I am not saying this is a great solution, just that it is one solution. And that is to use Chroma Key instead of stacking focus (with resulting artifacts) or using a one-shot photo at a narrow aperture, which means little to no bokeh.
I am looking for a sharp foreground image against a soft bokeh background… usually.
Chroma key requires two layers of image, a background layer that can be as bokeh as all get out, and a foreground layer than can be a sharp close-up at higher aperture or even a carefully-stacked shot. The two are merged together in Photoshop and become one.
For this to work, the foreground shot (in this case the flower) has to be shot against a solid background, using a green or a blue background. For nature, the choice would be “blue” because green occurs more frequently in nature than does blue. We want a color that is not in the foreground image. In this case, I used a black background, just a piece of black velvet. My thanks to an anonymous Nikon-Gear member for his suggestions.
An important point is that it is best to shoot the foreground image on the same background it naturally is, but just to make the foreground image very much in focus and the background image blurred out to bokeh. That way they complement one another. That is what I have done here. Actually I took a background shot and blurred it in Photoshop to accent the effect.

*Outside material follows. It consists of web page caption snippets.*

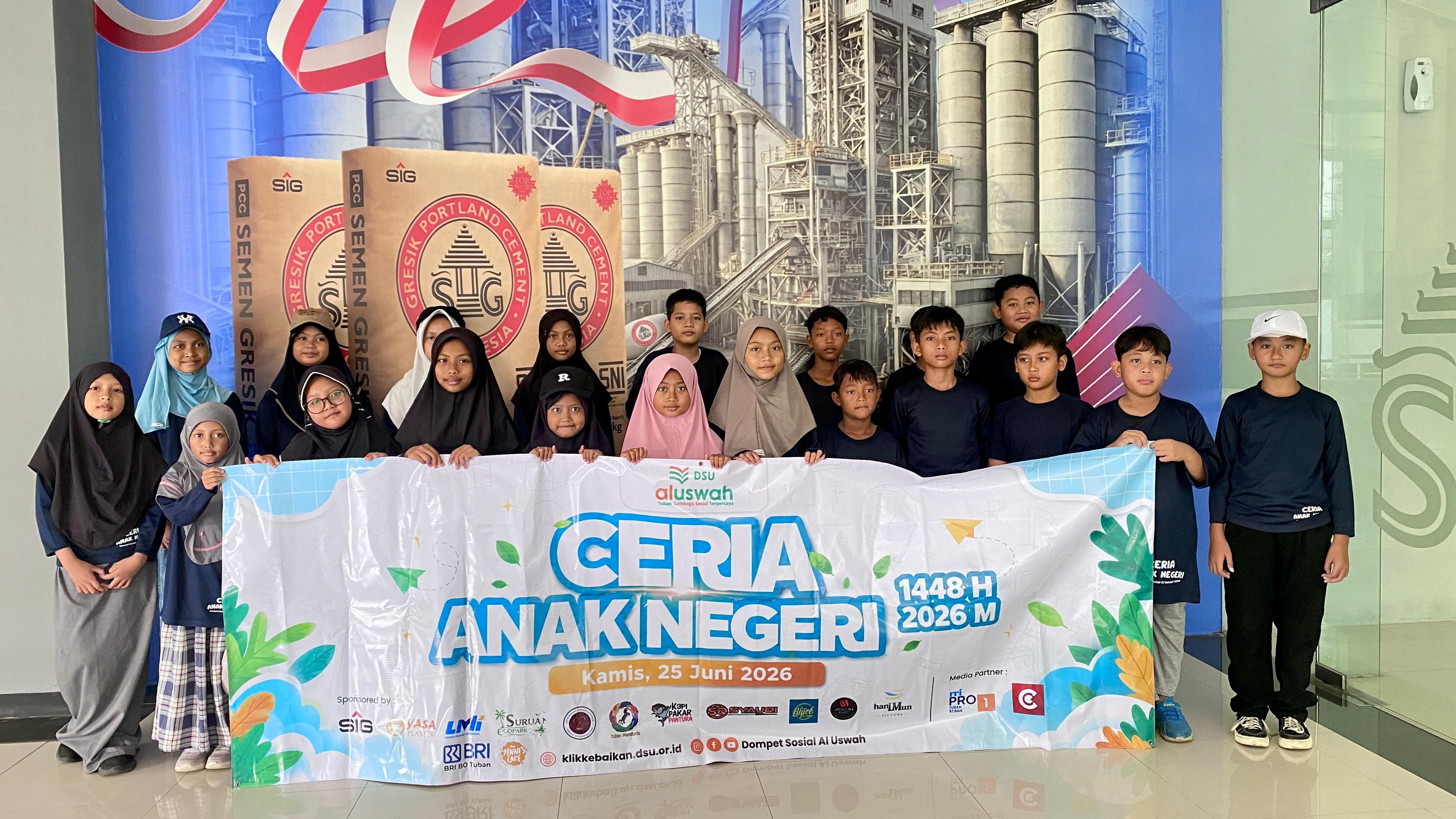 CERIA ANAK NEGERI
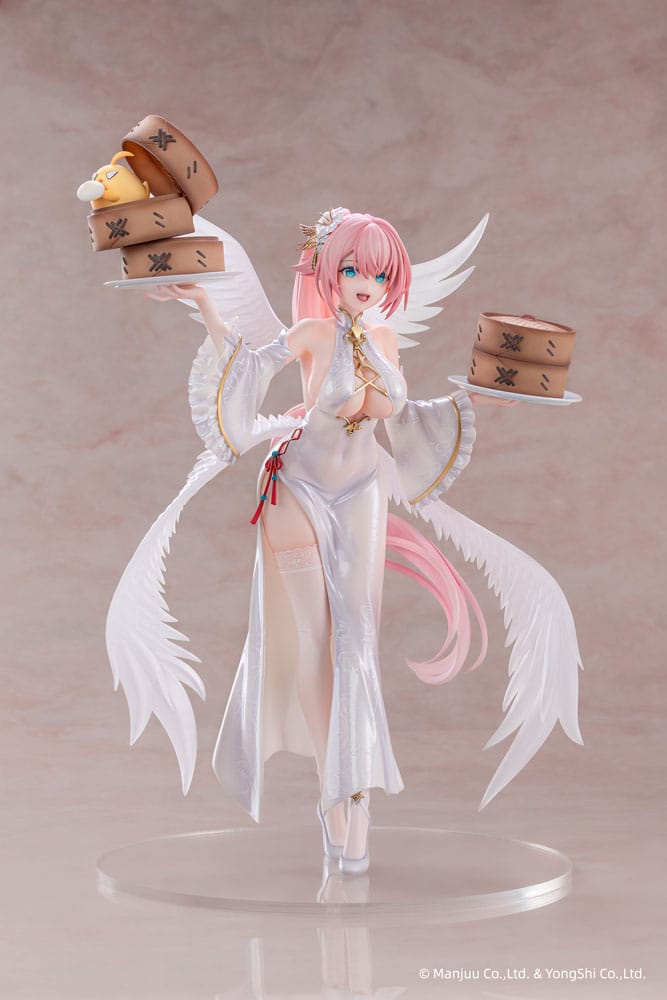 Azur Lane - Theseus: New Year's White Plumage Ver. 1/6 Scale Statue – Bild 11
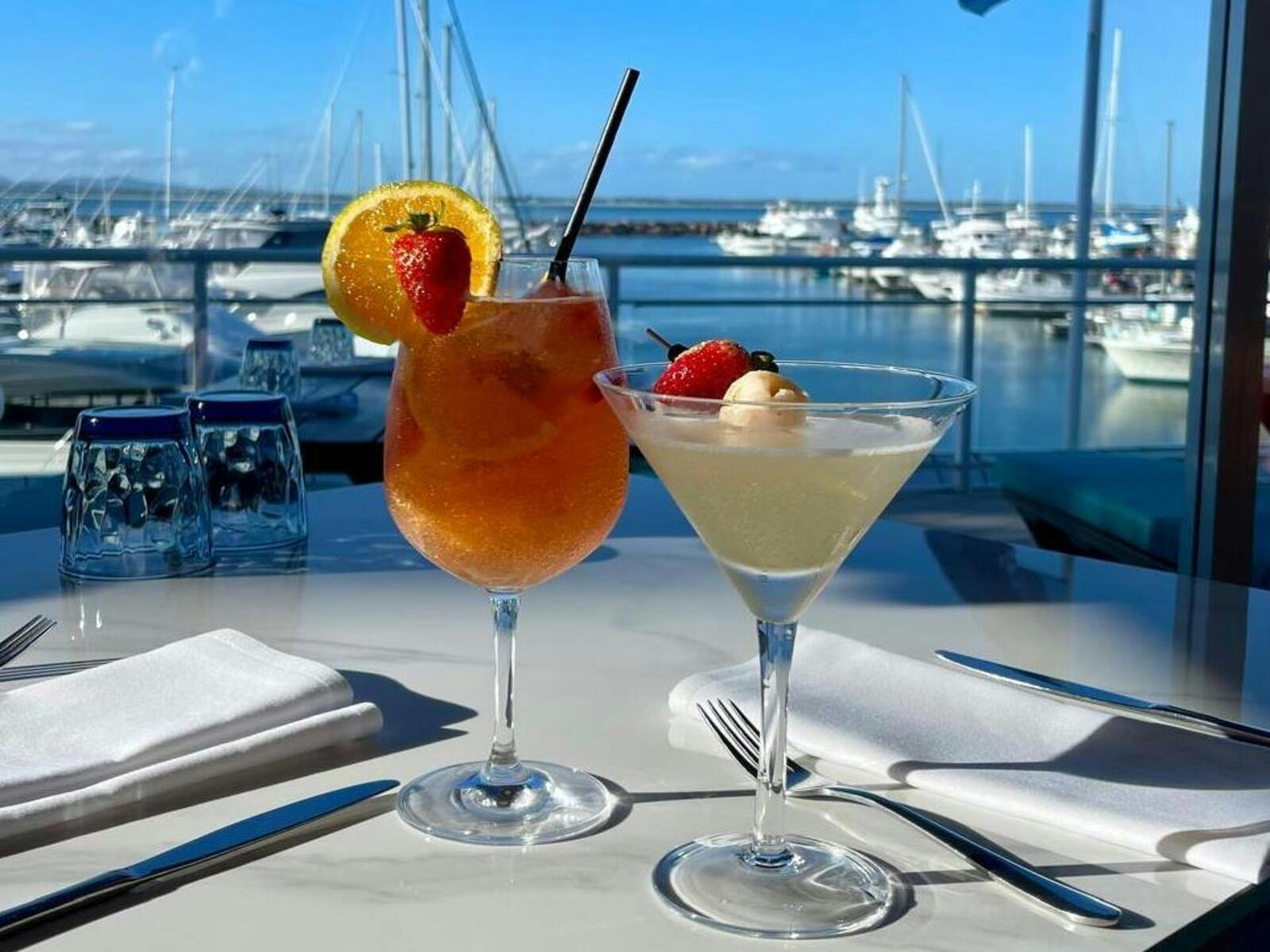 Sirena Seaside Restaurant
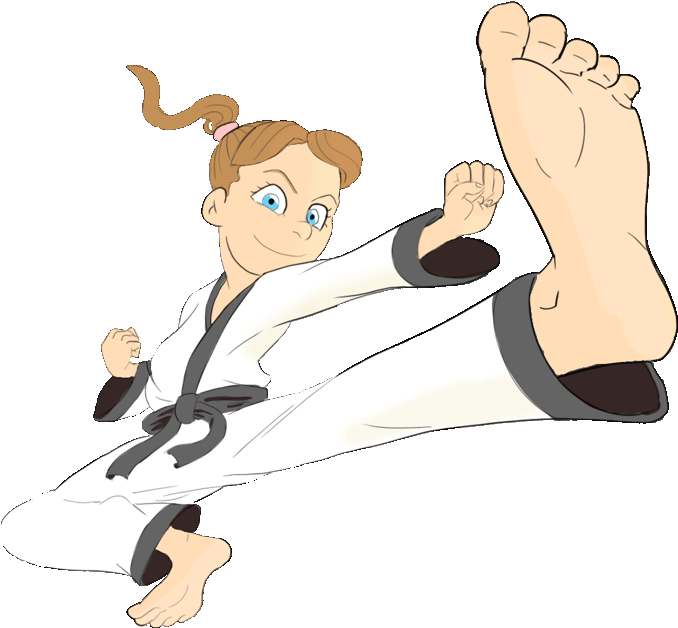 Be kick go
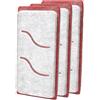 Tetra FilterPack C 100 Ricambio per filtri interni EasyCrystal con Carbone Attivo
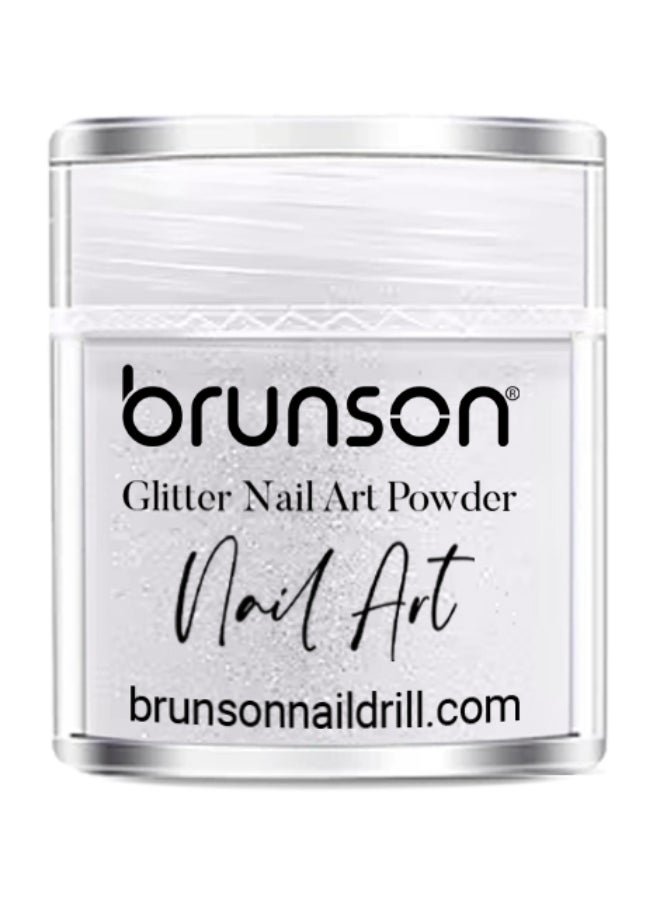 Nail Art Glitter Powder Iridescent Fine Glitter Powder For Gel Nail Polish Gel And Acrylic Nail Art Powder Diamond Dust BGP10
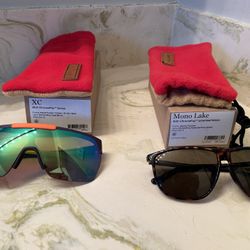 Smith Optics Sunglasses (2 Pairs)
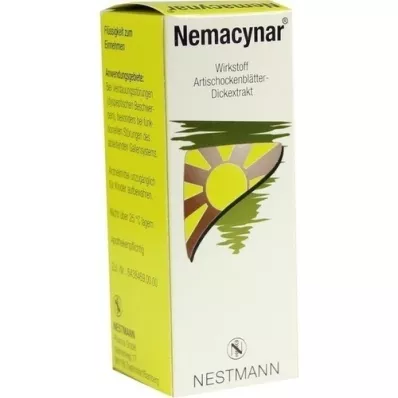 NEMACYNAR Nestmann gouttes, 50 ml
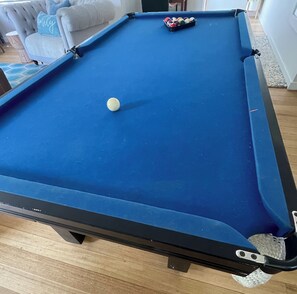 Billiard table for everyone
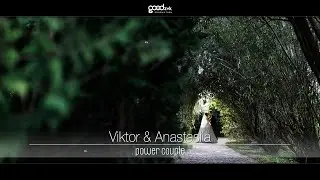 Wedding SDE ⁞ Viktor & Anastasiia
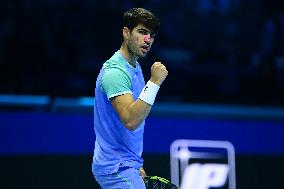 Nitto ATP Finals 2024 - Day 4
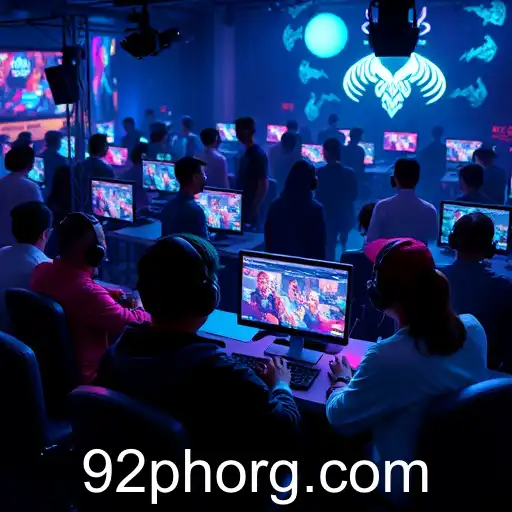 92ph: Pioneering Online Gaming Evolution
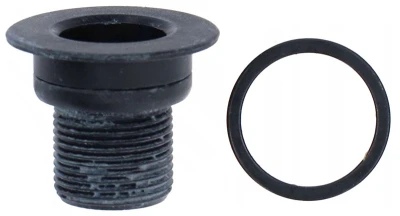 Shimano Cues FC-U4010, FC-U6000 Y0R798080 černý šroub kliky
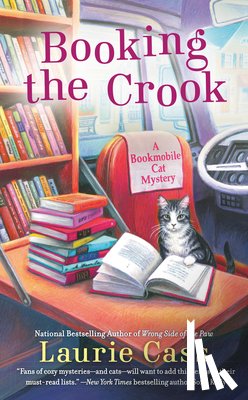 Cass, Laurie - Booking the Crook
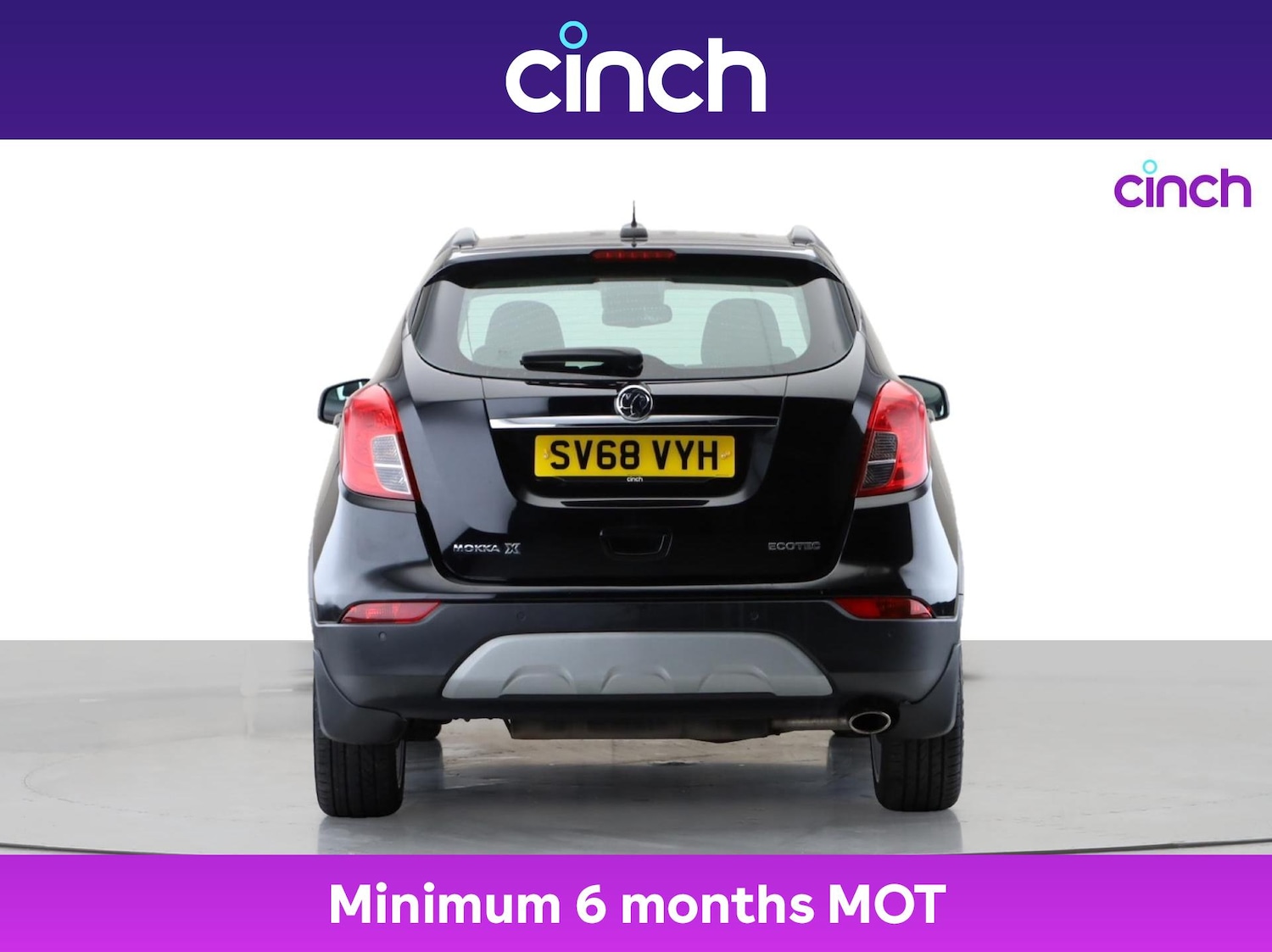 Used Vauxhall Mokka X 2018 for sale - 76346239: Photo 5
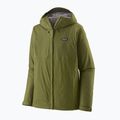 Куртка дощовик чоловіча Patagonia Torrentshell 3L Rain caper green 7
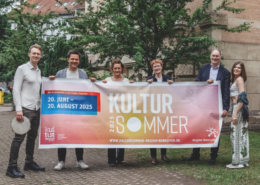 Kultursommer 2025: 29 Events in der Region Hannover Kultursommer 2025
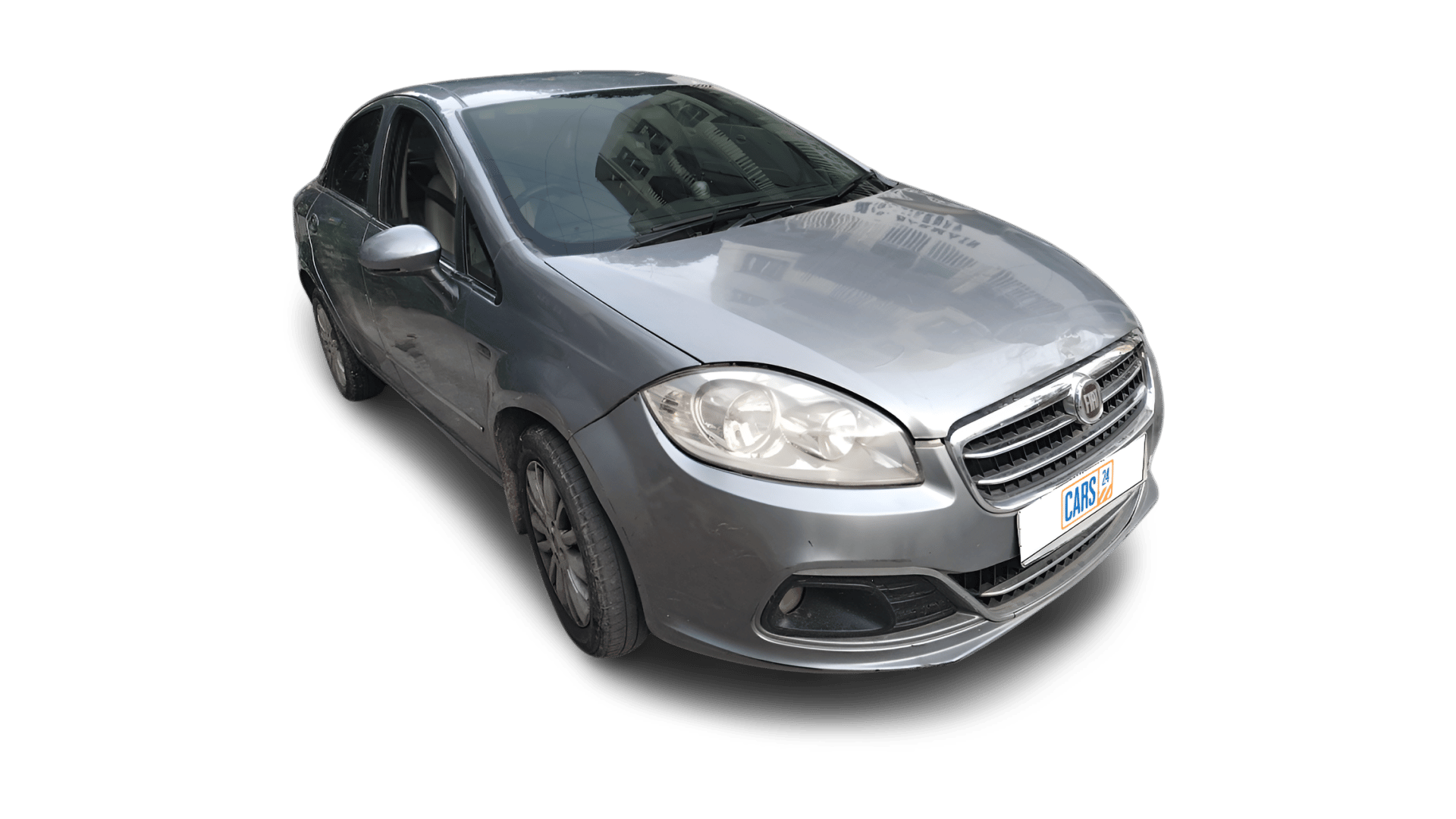 2017 Fiat Linea - Sedan - Diesel - Manual - ₹2.05 lakh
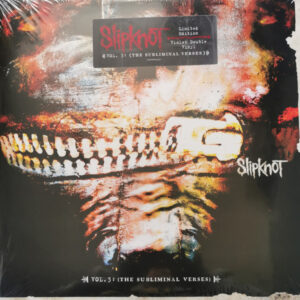 Slipknot ‎– Vol. 3: (The Subliminal Verses)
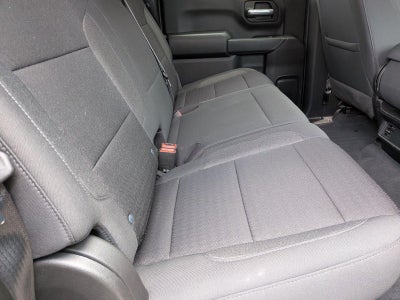 2022 Chevrolet Silverado 1500 Crew Cab Short Box 2-Wheel Drive Custom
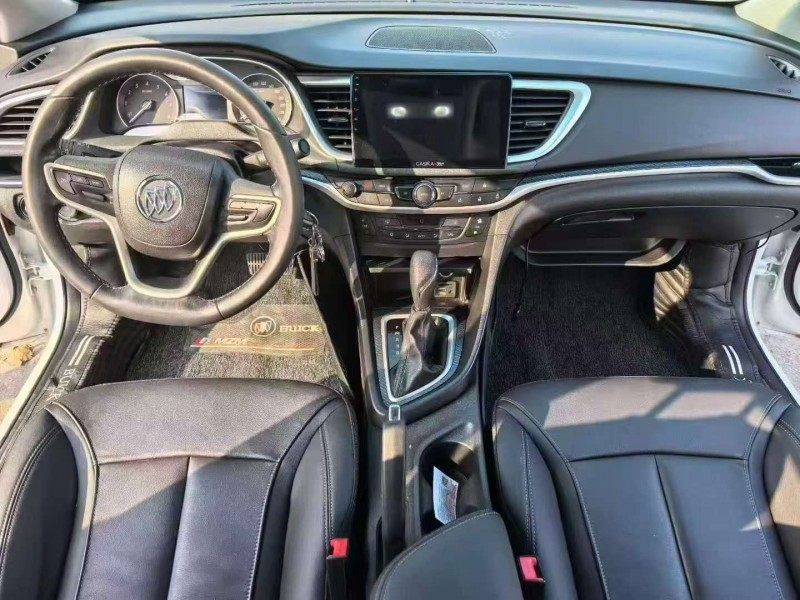 郑州21年别克英朗9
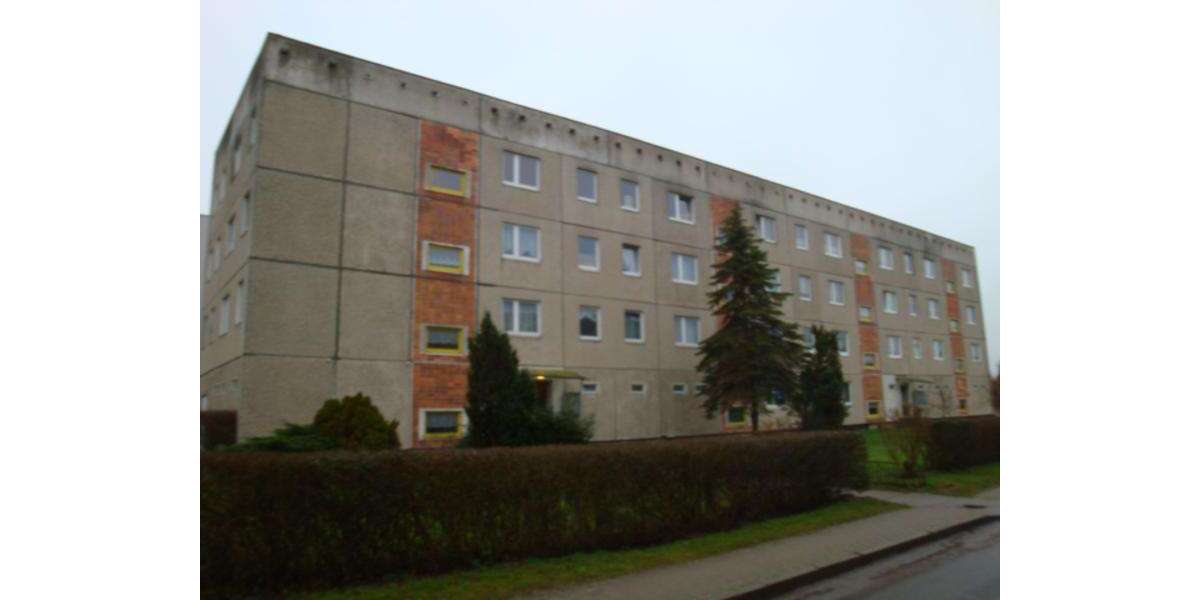 Etagenwohnung Velgast - 2 Zimmer, 46 m&sup2;, 276&euro; | Angebot:26568567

Next, in Photoshop, place the background image on a layer below the foreground image. Then using the Magic Wand, select the background color we want to remove (blue, green, black, etc.) and select that color and delete it. The result is that the background image shows through in a nice bokeh. You may have to remove the background color in several steps looking carefully in the foreground image for places where it occurs.
I am not saying this is a great alternative or whether I will use it for my work, but it is a fair way to avoid the retouching artifacts that a normal focus-stack is heir to. Here is my first attempt, which looks sort-of OK. I would have to work on the upper stem and leaves of the flower more to make it really blend in, but here it is for a quick look, a proof of concept. I imagine, like anything else, I could get good at it over time.
I just put this out there as another alternative to the eternal problem of foreground and background struggles.